Open avamingli opened 21 hours ago
Hi! some initial review: 1) Patch miss tab-completion for DYNAMIC feature. 2) When trying to modify dynamic table
reshke=# insert into td values(1, 1);
ERROR: cannot change materialized view "td"
Maybe some better error message here? we can check for relisdynamic and provide "cannot directly change dynamic table " with some errdetail, like "DETAIL: DYNAMIC TABLE data is automatically populated from its source query."
3) Im not sure if this a problem, but example:
reshke=# alter materialized view td rename TO tdd;
ALTER MATERIALIZED VIEW
td here is dynamic table. This all comes from fact that dynamic table relkind is 'm' (mat. view). I'm not entirely sure if this design is good. Although the implementation is undoubtedly simpler in this manner, it is at least perplexing that changing a dynamic table requires M.V. SQL syntax.
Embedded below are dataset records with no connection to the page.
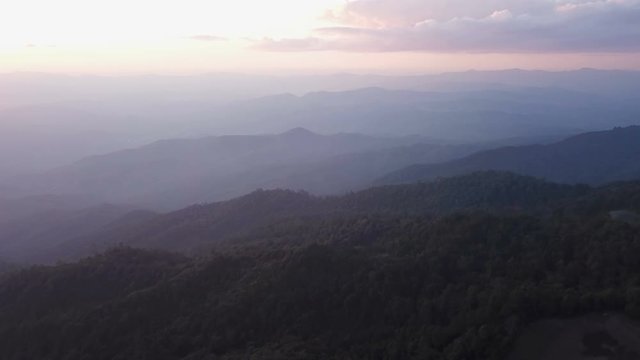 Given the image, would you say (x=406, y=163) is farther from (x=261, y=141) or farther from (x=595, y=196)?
(x=595, y=196)

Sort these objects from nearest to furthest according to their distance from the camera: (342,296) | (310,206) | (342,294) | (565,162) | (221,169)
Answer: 1. (342,296)
2. (342,294)
3. (310,206)
4. (565,162)
5. (221,169)

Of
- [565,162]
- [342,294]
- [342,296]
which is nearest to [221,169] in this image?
[565,162]

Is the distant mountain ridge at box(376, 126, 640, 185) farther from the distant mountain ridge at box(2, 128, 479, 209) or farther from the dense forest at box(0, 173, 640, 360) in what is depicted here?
the dense forest at box(0, 173, 640, 360)

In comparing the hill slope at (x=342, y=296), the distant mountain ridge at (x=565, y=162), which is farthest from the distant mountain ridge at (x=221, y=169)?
the hill slope at (x=342, y=296)

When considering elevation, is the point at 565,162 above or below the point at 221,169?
above

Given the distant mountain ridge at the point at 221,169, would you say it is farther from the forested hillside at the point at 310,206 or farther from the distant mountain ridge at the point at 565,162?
the forested hillside at the point at 310,206

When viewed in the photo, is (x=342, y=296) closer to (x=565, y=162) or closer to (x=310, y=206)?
(x=310, y=206)

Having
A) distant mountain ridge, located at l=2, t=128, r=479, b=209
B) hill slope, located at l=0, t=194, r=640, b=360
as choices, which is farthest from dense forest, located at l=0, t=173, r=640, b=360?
distant mountain ridge, located at l=2, t=128, r=479, b=209

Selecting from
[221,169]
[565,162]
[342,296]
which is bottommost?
[221,169] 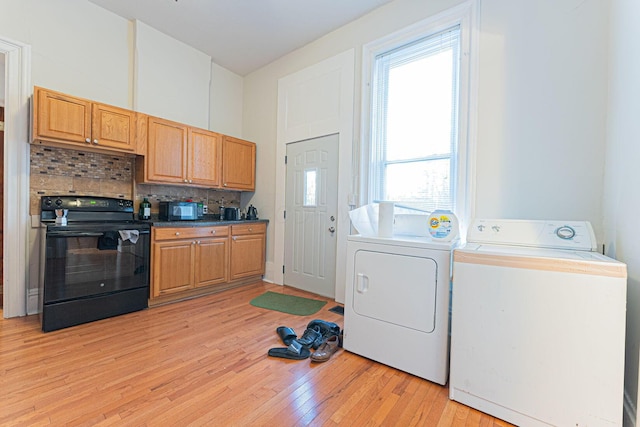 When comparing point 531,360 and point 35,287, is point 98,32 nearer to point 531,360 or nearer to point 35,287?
point 35,287

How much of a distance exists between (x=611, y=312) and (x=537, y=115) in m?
1.46

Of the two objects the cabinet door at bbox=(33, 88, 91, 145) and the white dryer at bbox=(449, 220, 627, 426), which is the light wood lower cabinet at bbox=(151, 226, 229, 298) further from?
the white dryer at bbox=(449, 220, 627, 426)

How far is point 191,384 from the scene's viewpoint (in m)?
1.63

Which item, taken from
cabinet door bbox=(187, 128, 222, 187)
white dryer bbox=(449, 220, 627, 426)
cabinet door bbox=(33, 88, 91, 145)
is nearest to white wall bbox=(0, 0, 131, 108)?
cabinet door bbox=(33, 88, 91, 145)

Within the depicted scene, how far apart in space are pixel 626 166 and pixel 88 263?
153 inches

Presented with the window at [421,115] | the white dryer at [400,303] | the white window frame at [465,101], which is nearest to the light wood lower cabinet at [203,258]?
the window at [421,115]

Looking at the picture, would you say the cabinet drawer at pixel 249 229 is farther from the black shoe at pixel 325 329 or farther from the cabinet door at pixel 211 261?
the black shoe at pixel 325 329

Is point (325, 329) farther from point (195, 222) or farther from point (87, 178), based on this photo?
point (87, 178)

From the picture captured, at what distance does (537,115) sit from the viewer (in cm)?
202

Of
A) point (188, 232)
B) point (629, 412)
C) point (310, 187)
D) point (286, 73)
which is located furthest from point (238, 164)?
point (629, 412)

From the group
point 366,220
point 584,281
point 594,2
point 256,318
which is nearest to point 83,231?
point 256,318

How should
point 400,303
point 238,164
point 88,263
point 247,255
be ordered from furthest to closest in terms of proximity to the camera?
point 238,164
point 247,255
point 88,263
point 400,303

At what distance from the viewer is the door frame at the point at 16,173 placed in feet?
8.05

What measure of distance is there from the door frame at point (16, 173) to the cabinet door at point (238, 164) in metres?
1.87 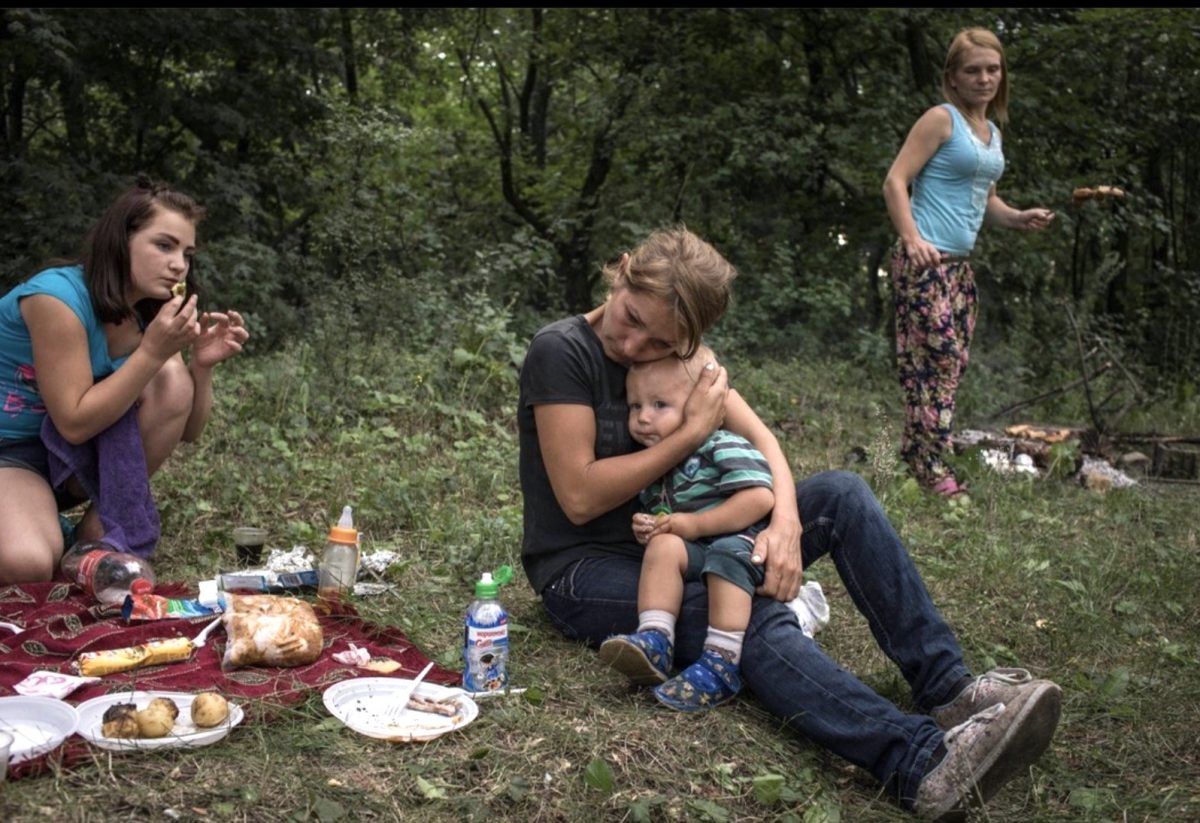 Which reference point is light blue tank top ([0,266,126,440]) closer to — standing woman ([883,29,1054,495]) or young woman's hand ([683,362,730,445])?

Another case here:
reshke=# drop dynamic table tdd;
DROP DYNAMIC TABLE
reshke=# drop materialized view tdd ;
DROP MATERIALIZED VIEW
Both succeeds.
Maybe we should create this relation as CREATE DYNAMIC MATERIALIZED VIEW
not TABLE? This should fix a lot of SQL ambiguity problems.
In any case, we should add this ALTER pattern to regression tests and have document them in some form.
I will take another look later.
This all comes from fact that dynamic table relkind is 'm' (mat. view). I'm not entirely sure if this design is good. Although the implementation is undoubtedly simpler in this manner, it is at least perplexing that changing a dynamic table requires M.V. SQL syntax. Another case here:
reshke=# drop dynamic table tdd; DROP DYNAMIC TABLE reshke=# drop materialized view tdd ; DROP MATERIALIZED VIEW
Both succeeds.
Yes, it's a materialized view actually.
Dynamic Table is a an auto-refreshing materialized view
Dynamic Table have all operations from Materialized Views, and it must do. They are same as GPDB's external table and foreign table, if you have a try:
create external table ext1;
drop external table ext1;
drop foreign table ext1;
Both will succeed, external table is actually a foreign table.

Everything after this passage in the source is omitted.